The PEOPLE of the State of New York, Respondent, v. Michael L. SCHROCK, Defendant–Appellant.
Defendant appeals from an order denying his motion to vacate the judgment of conviction pursuant to CPL 440.10. The judgment had been entered following a jury trial at which defendant was found guilty of having committed numerous felonies, including attempted murder in the first degree and robbery in the first degree. In support of his CPL 440.10 motion, defendant contended that he is entitled to a new trial because he was improperly required to wear a stun belt at trial. Defendant further contended that he is entitled to a new trial because his trial attorney was ineffective for failing to object to the use of the stun belt and for failing “to adequately develop” his insanity defense. According to defendant, in pursuing that defense his trial attorney should have interviewed defendant's fellow inmate, who had provided the attorney with a written statement in which he claimed to have overheard various jail deputies talking about defendant's mental condition. County Court denied the motion following a hearing.
We agree with the court that defendant was not deprived of effective assistance of counsel. As the court properly determined, defense counsel was not ineffective in failing to object to the use of the stun belt inasmuch as the seminal case regarding the use of stun belts, People v. Buchanan (13 N.Y.3d 1, 884 N.Y.S.2d 337, 912 N.E.2d 553), was not decided until approximately two years after defendant's trial. We note that defendant wore the stun belt for only one day of trial, during the testimony of the People's rebuttal witness, and he never complained to anyone-including his attorney—about having to wear it. In addition, there is no indication in the record that the stun belt affected defendant's ability to communicate with his attorney. We also reject defendant's claim that defense counsel did not adequately develop his insanity defense by, e.g., failing to interview a fellow inmate, and thus was ineffective. Even assuming, arguendo, that the fellow inmate provided a written statement to defendant's attorney setting forth that he overheard jail deputies discussing defendant's mental condition, we conclude that the fellow inmate possessed only hearsay information and thus could not have been called as a witness at trial. The record also demonstrates that defendant's attorney called numerous witnesses at trial to support the insanity defense, including employees of the jail who observed defendant's behavior while incarcerated.

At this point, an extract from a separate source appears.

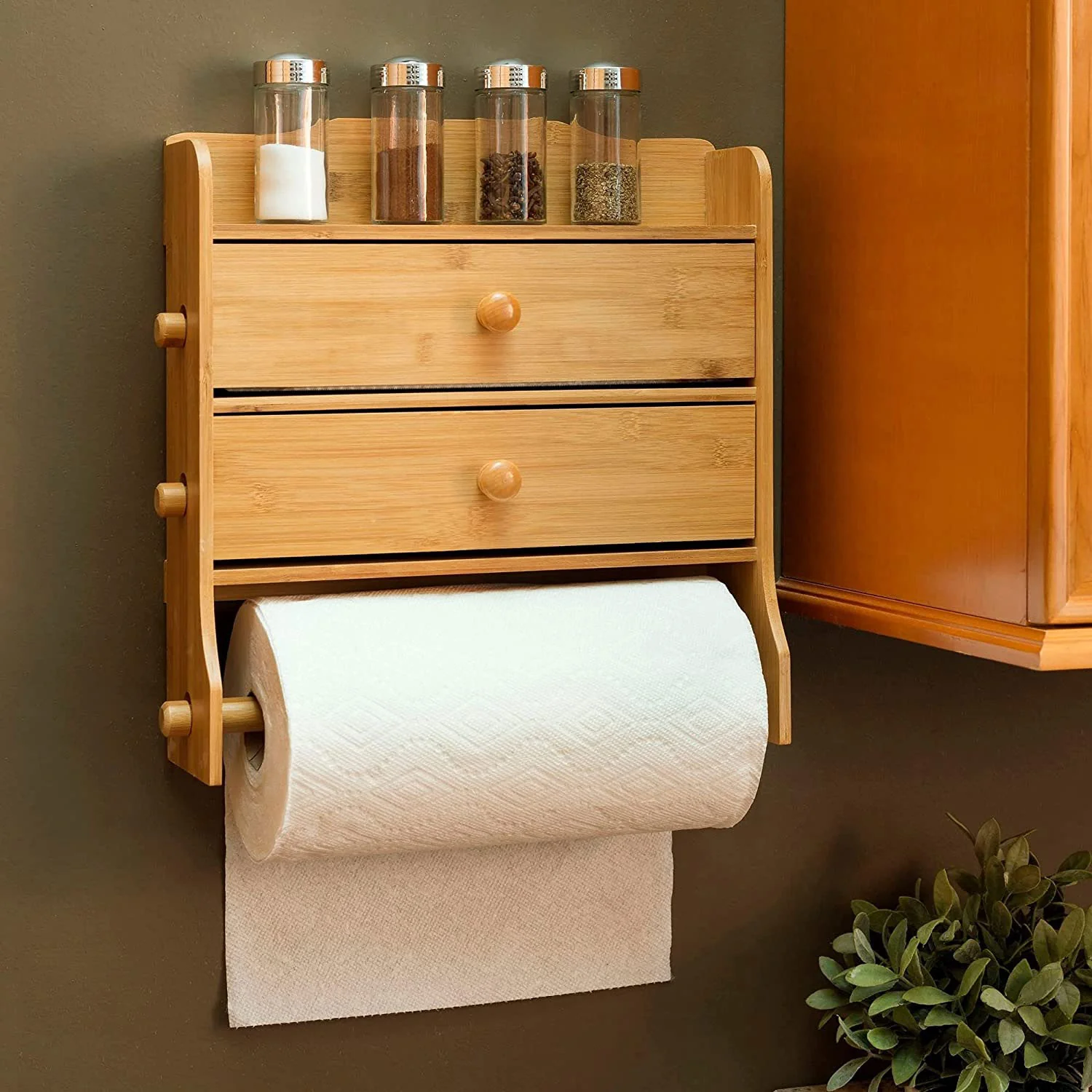 Home Basics Bamboo Integrated Wrap Dispenser Paper Towel Holder, Natural - Image 2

We now turn to defendant's contention that he was improperly required to wear the stun belt. As the court recognized, the use of the stun belt in this case was improper under Buchanan because such use was not approved by the court; in fact, the court was not aware that the Sheriff had outfitted defendant with the stun belt. Nevertheless, the court determined that, although the use of the stun belt was improper, the error was harmless in light of the “totality of the evidence.” As we recently held in People v. Barnes (96 A.D.3d 1579, 1579–1580, 946 N.Y.S.2d 813), the improper use of a stun belt is not subject to harmless error analysis (see People v. Cruz, 17 N.Y.3d 941, 945, 936 N.Y.S.2d 661, 960 N.E.2d 430 n).
Although there may be other reasons to justify the denial of defendant's motion, the only issues that we may consider on this appeal are those that “may have adversely affected the appellant” (CPL 470.15; see People v. Concepcion, 17 N.Y.3d 192, 194–195, 929 N.Y.S.2d 541, 953 N.E.2d 779; People v. LaFontaine, 92 N.Y.2d 470, 473–474, 682 N.Y.S.2d 671, 705 N.E.2d 663). Thus, our review is limited to the issues determined by the court in denying the motion, i.e., that defense counsel was not ineffective and that the error in requiring defendant to wear a stun belt is harmless, and for the reasons set forth herein we conclude that the court erred in determining that harmless error analysis is applicable. We therefore hold this case, reserve decision, and remit the matter to County Court to rule upon any other issues raised by the People in opposition to the motion.
It is hereby ORDERED that the case is held, the decision is reserved and the matter is remitted to Cattaraugus County Court for further proceedings.